When it comes to stem, on average, men outperform females and it's not close. Many believe it's testosterone related. Men have risen to the top in those disciplines because they excel in them.
I think most studies show that women who enter STEM education perform on par with men. The numbers are skewed due to the number of men who think they can compete
I am very, very skeptical of those studies. 30 years of experience in Technical recruiting tells me otherwise. You absolutely have women that can outperform men but on the whole that just isn't the case. The areas of STEM women excel the most are Biology. The closer it gets to hardware or embedded programming or EE/ME though the fewer women that are interested or excel in it. Always exceptions of course, the 80/20 rule definitely applies. That said it is kind of like saying you can find some men that are better as Kinder teachers.

I have a Masters degree in Computer Engg from A&M. In my years as a student there, I almost never saw an all-girl project group. It would always be a bunch of 2-3 girls getting together and then prowling to snag a male project mate. If the guy agreed, then you would see him in the computer lab in Zachary at 3am working on the project while the girls would be at home. This was the mid 90s so there was no connecting from home. No one had desktops at home, or even cell phones for that matter. I saw this over and over again. I have myself been asked a few times and I declined because I knew that I would have to do all the work. There would be the comical scene where 2am lab had all boys working (and looking at 90s computer pr0n) and no girls around. They all had girl project mates who were at home studying something else or sleeping. If only the boys had just teamed up....

In groups where they cannot find a boy to pile on, they end up fighting among themselves and breaking up or doing a poor job on the project.
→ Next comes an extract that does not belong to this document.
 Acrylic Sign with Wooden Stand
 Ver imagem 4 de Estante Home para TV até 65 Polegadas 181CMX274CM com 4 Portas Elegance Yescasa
This was in at least 80% of the cases that I saw.

My assessment is 90% girls don't like the detail oriented work of STEM. Most hate programming. Some girls are intelligent and capable but still hate programming and computer science but their parents (especially if Asian) force them into it. I have seen many such cases in my own surroundings. Girls typically want to get into Bio Engineering.

Since they hate programming, they get into project management where they get to tell the programmers what to do and be a pest about timelines without knowing the work it takes. I had to suffer a few such women.


Or....could it be the arrogance of a lot of the males who are SO SURE their way is the right way and the only way, and constantly steamroll the females and disregard their input, to the point the females basically say "f it. Let them do it then."